This is a simple batch processing pipeline project. The dashbord shows statistics for various activities on the Github repositories belonging to the Rust Language Project. The raw data is obtained from the Github's Activity API.
The pipeline starts with extractor, An AWS Lambda function, fetching event data from Github's API and writing newline delimited JSON to a file on AWS S3. Then processor, an Apache Spark application, reads the file on S3, aggregates the data and writes to an AWS DynamoDB table.
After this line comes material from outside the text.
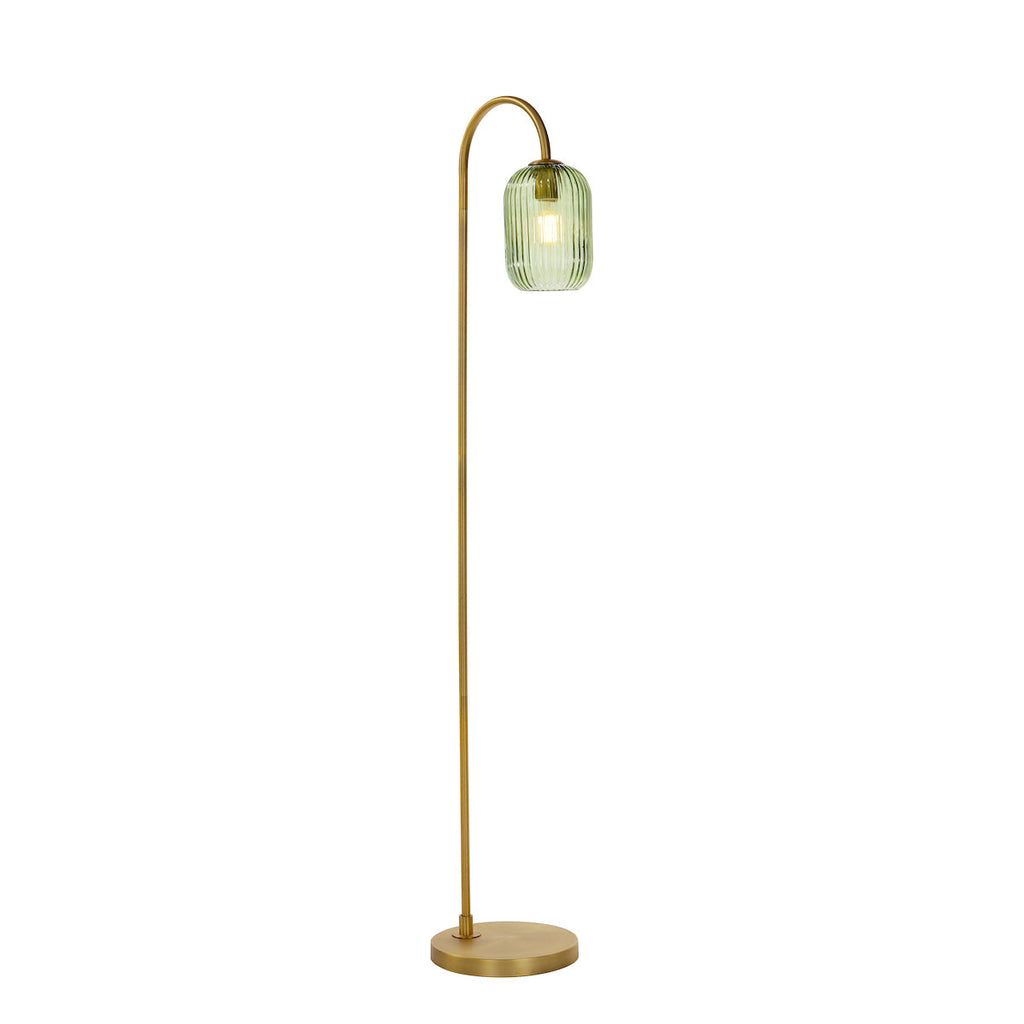 Dar Lighting - Idra Floor Lamp Aged Bronze and Green Ribbed Glass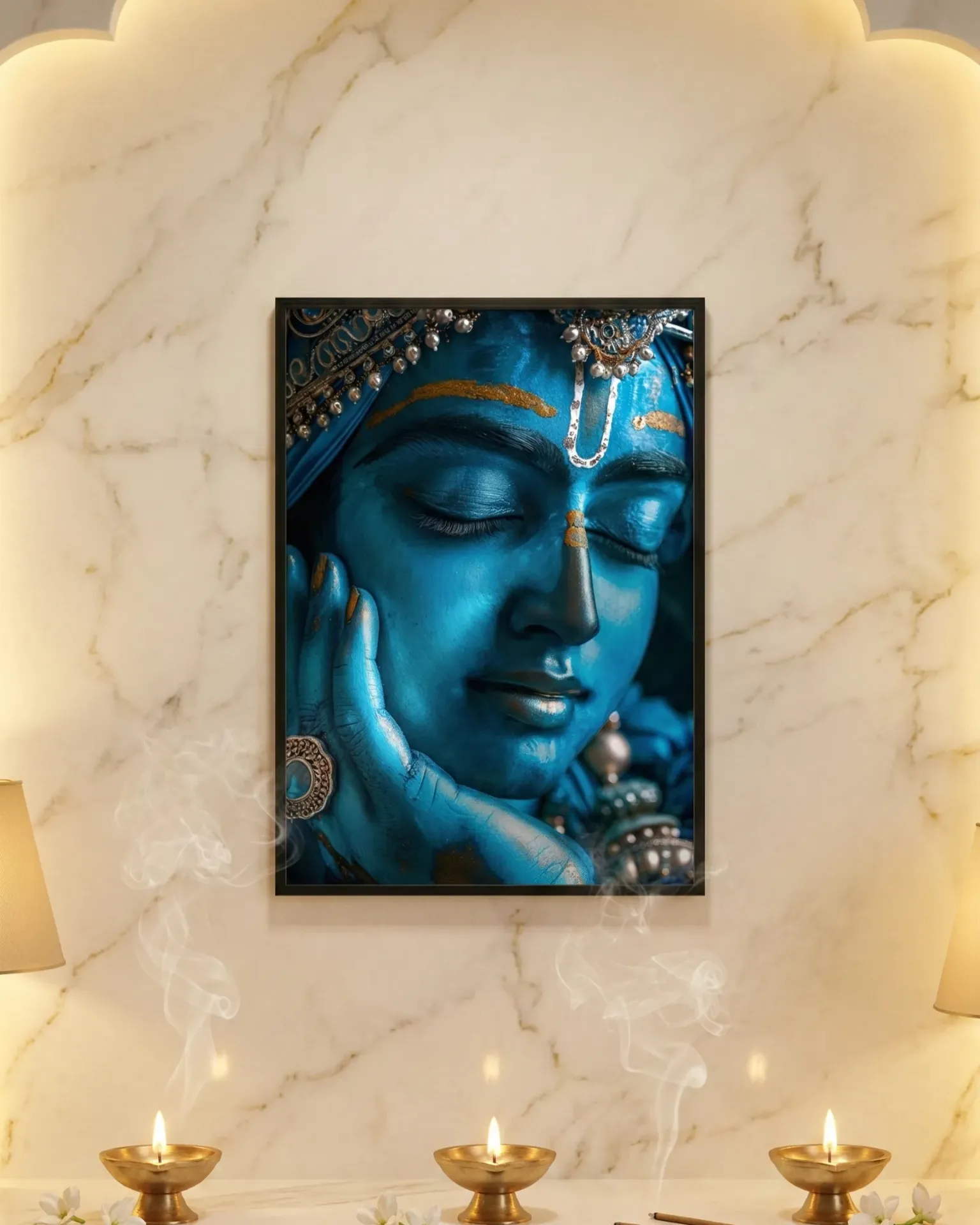 Divine Krishna Meditative Wall Art with Golden Accents (A4 size)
Dashboard is a Spring Boot application that provides a web UI and a REST API endpoint for accessing the processed data stored on DynamoDB.
The biggest improvement that can be made to this architecture is to automate the data pipeline using a workflow orchestration tool like Apache Airflow.
-
Java 11
-
Spring Boot - Used to serve the dashboard UI and provide a REST endpoint for data.
-
Bulma - CSS library for styling the UI of the dashboard.
-
Apache Spark - For distributed batch processing of the raw data from Github's API.
-
ChartJS - Used to create charts for visualizing the data.
-
- Lambda - Runs the extractor program that populates an S3 bucket with raw Github data.
- S3 - Storage for raw Github data before the Spark job processes them.
- DynamoDB - Persistence for the final output of the Spark job.
- Elastic Beanstalk - Provides a way to conveniently deploy dashboard on EC2.